### Goal of the exercise
Set down each entry as it stands. Skip the pictures.

### Dataset entries
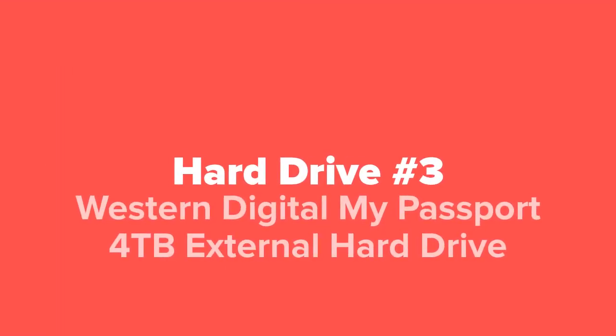The third external hard drive we've got for you today is the Western Digital My Passport four terabyte external hard drive.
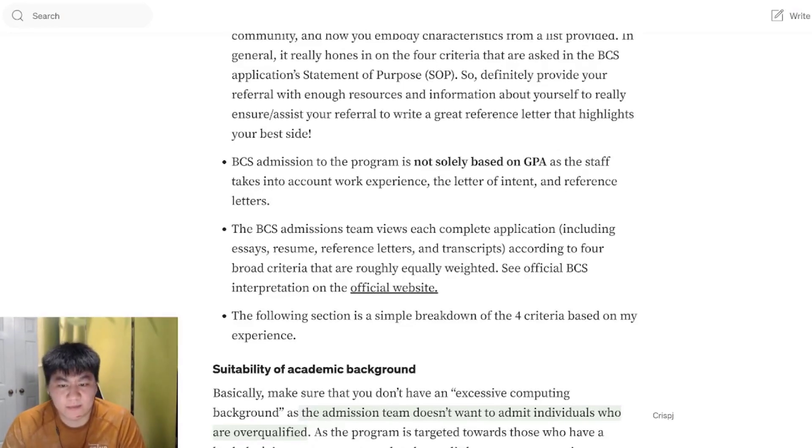If you need help, hopefully I'll see you in one of those channels. And that's a wrap on the application section and how to apply for UBC BCS. Thanks for watching and hope to see you around.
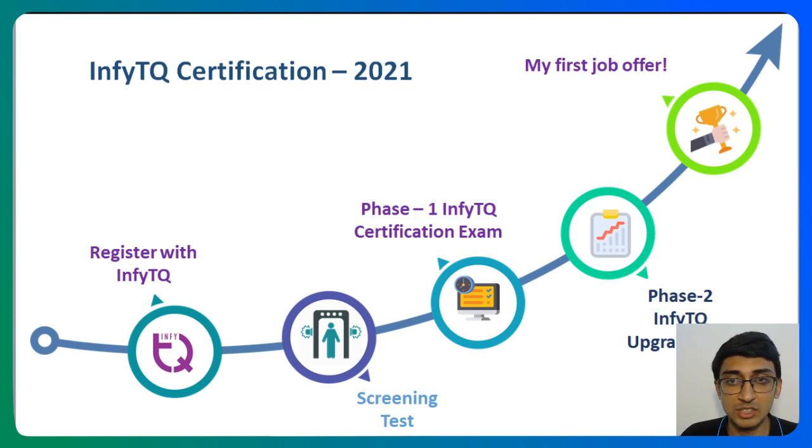The screening test consists of only MCQs, but the certification test actually consists of coding questions also. After the certification test, you can actually go for an upgrade test, but that's optional. You can also go for the final offer — that is, you could get a job offer right after your phase 1 certification test itself.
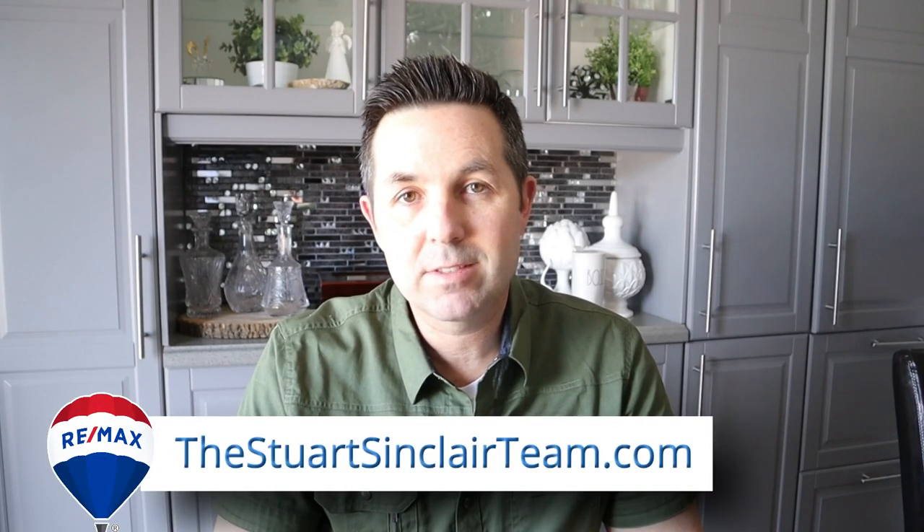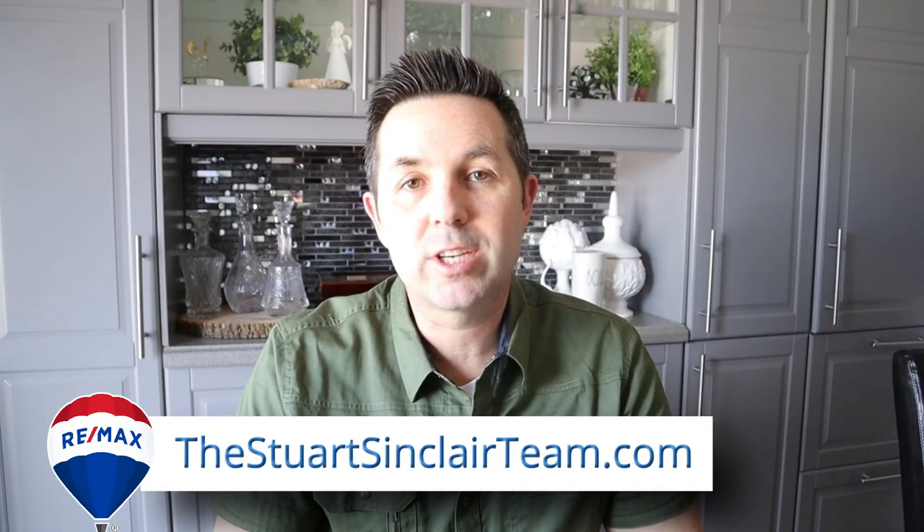If you're thinking about making a move or have any questions about the real estate market, please give us a call at 905-857-7653 or check out the Stuart Sinclair Team website. Have a great day.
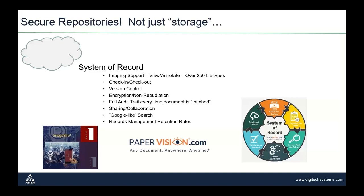Digitech Systems has three repository options: two cloud and one on-premise. All of them have the same functionality and the same user interface — no learning curve moving from one to the other. They only differ in cost model and deployment method. PaperVision Enterprise is our on-premise perpetual license solution. While some manufacturers are forcing everybody into subscription models, we still support customers who want perpetual licensing. Our two cloud options are ImageSilo and PaperVision.com, both offered as subscription models.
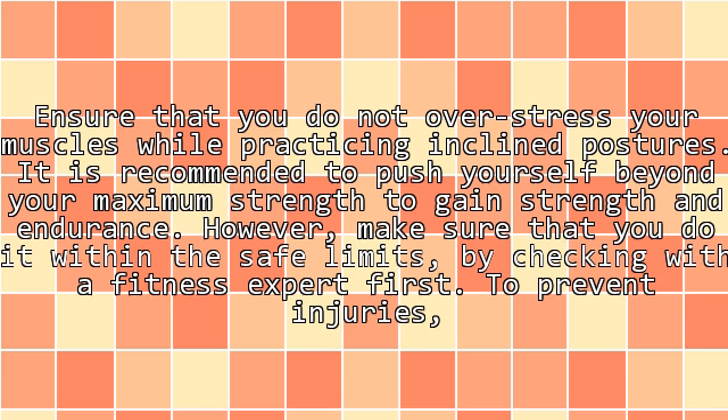You will only end up tearing your muscles. Ensure that you do not overstress your muscles while practicing incline postures. It is recommended to push yourself beyond your maximum strength to gain strength and endurance. However, make sure that you do it within the safe limits by checking with a fitness expert first to prevent injuries.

### Finished task
The third external hard drive we've got for you today is the Western Digital My Passport four terabyte external hard drive.
If you need help, hopefully I'll see you in one of those channels. And that's a wrap on the application section and how to apply for UBC BCS. Thanks for watching and hope to see you around.
The screening test consists of only MCQs, but the certification test actually consists of coding questions also. After the certification test, you can actually go for an upgrade test, but that's optional. You can also go for the final offer — that is, you could get a job offer right after your phase 1 certification test itself.
If you're thinking about making a move or have any questions about the real estate market, please give us a call at 905-857-7653 or check out the Stuart Sinclair Team website. Have a great day.
Digitech Systems has three repository options: two cloud and one on-premise. All of them have the same functionality and the same user interface — no learning curve moving from one to the other. They only differ in cost model and deployment method. PaperVision Enterprise is our on-premise perpetual license solution. While some manufacturers are forcing everybody into subscription models, we still support customers who want perpetual licensing. Our two cloud options are ImageSilo and PaperVision.com, both offered as subscription models.
You will only end up tearing your muscles. Ensure that you do not overstress your muscles while practicing incline postures. It is recommended to push yourself beyond your maximum strength to gain strength and endurance. However, make sure that you do it within the safe limits by checking with a fitness expert first to prevent injuries.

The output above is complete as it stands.